You probably know that our Smalltalk products support CLDR-based internationalization, which is incredibly useful for building applications for use with many languages that are deployed throughout many parts of the world.
Unicode, the basis of internationalization frameworks, makes sorting significantly more work, computation wise.
Cincom engineers are working on techniques to improve the performance of full unicode sorting.
Even if you don’t use the internationalization capabilities, you will probably want to know about this for potential performance tuning. Knowledge is power!
StringCollationPolicy is a class with the following comment:
“There are several collation algorithms available:
Fastest – Strings are sorted based on the values of the characters. No intelligent case folding is done, so that for example, A < B < a < b. This is very fast, but not usually what a user would expect to see.

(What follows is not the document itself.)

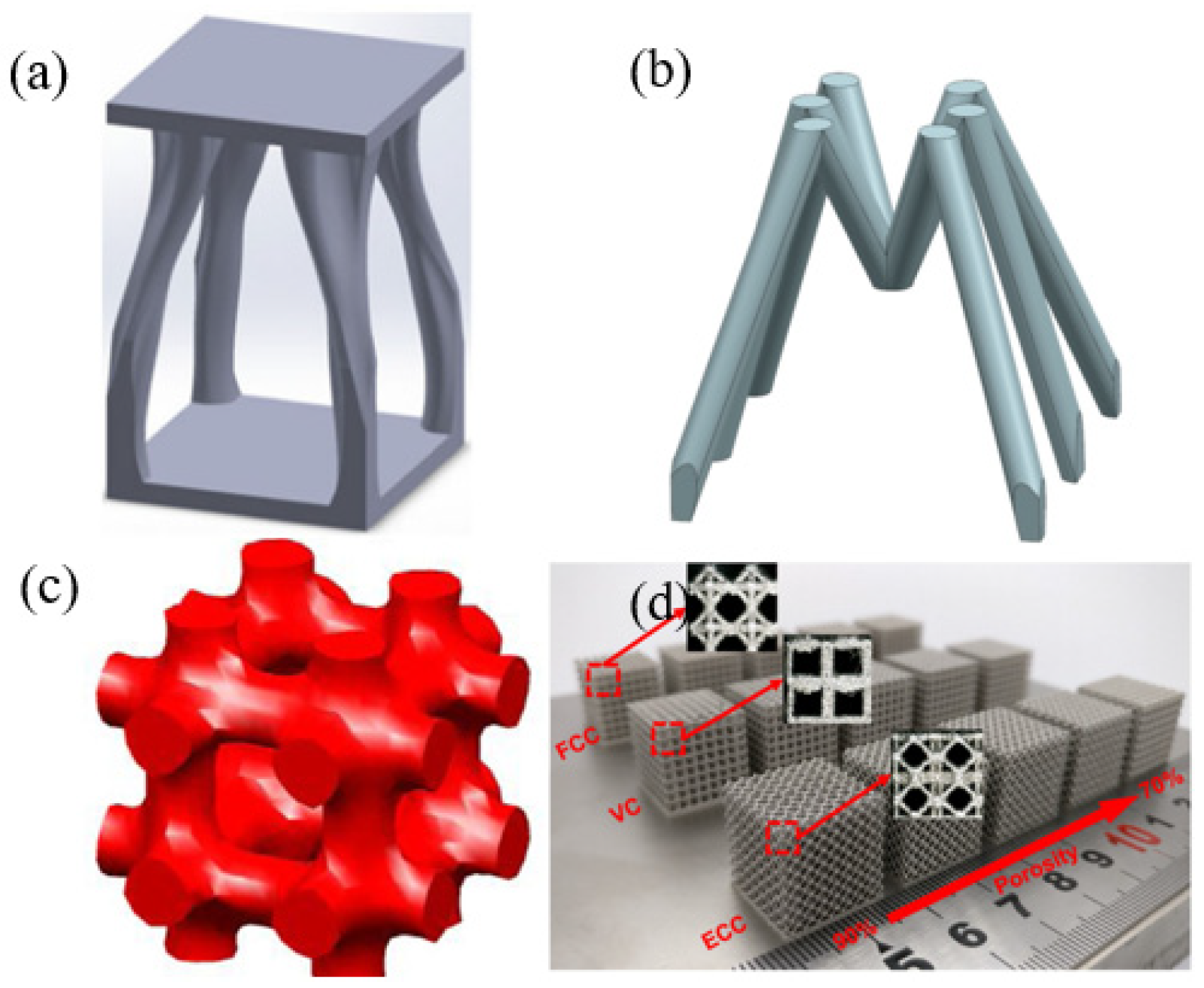 Materials 18 01397 g009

Fast – The default collation algorithm for previous versions of Cincom® VisualWorks®. Case folding is done, but the algorithm is otherwise relatively primitive.
Unicode, low-priority punctuation – Unicode-compatible collation. White space and punctuation characters are ignored unless the strings cannot be distinguished based on letters, accents and upper-/ lowercase.
Unicode, high-priority punctuation – Unicode-compatible collation. White space and punctuation characters are treated as first-class characters, with more influence over collation than distinctions like accents and upper-/lowercase.”
Let’s run a simple test, sorting strings from a text file:
file := 'FAQ.txt'. stream := file asFilename readStream. [stream atEnd] whileFalse:[lines add: (stream upTo: Character cr) ].
StringCollationPolicy collationAlgorithm: #UnicodeWithPunctuation. Transcript cr; show: [lines asSortedCollection] timeToRun printString.
StringCollationPolicy collationAlgorithm: #UnicodeNormal. Transcript cr; show: [lines asSortedCollection] timeToRun printString.
StringCollationPolicy collationAlgorithm: #Fast. Transcript cr; show: [lines asSortedCollection] timeToRun printString.
StringCollationPolicy collationAlgorithm: #Fastest. Transcript cr; show: [lines asSortedCollection] timeToRun printString.
Results:
- 100.806 milliseconds
- 80.348 milliseconds
- 4.105 milliseconds
- 4.15 milliseconds
Good coding to you! –Arden Thomas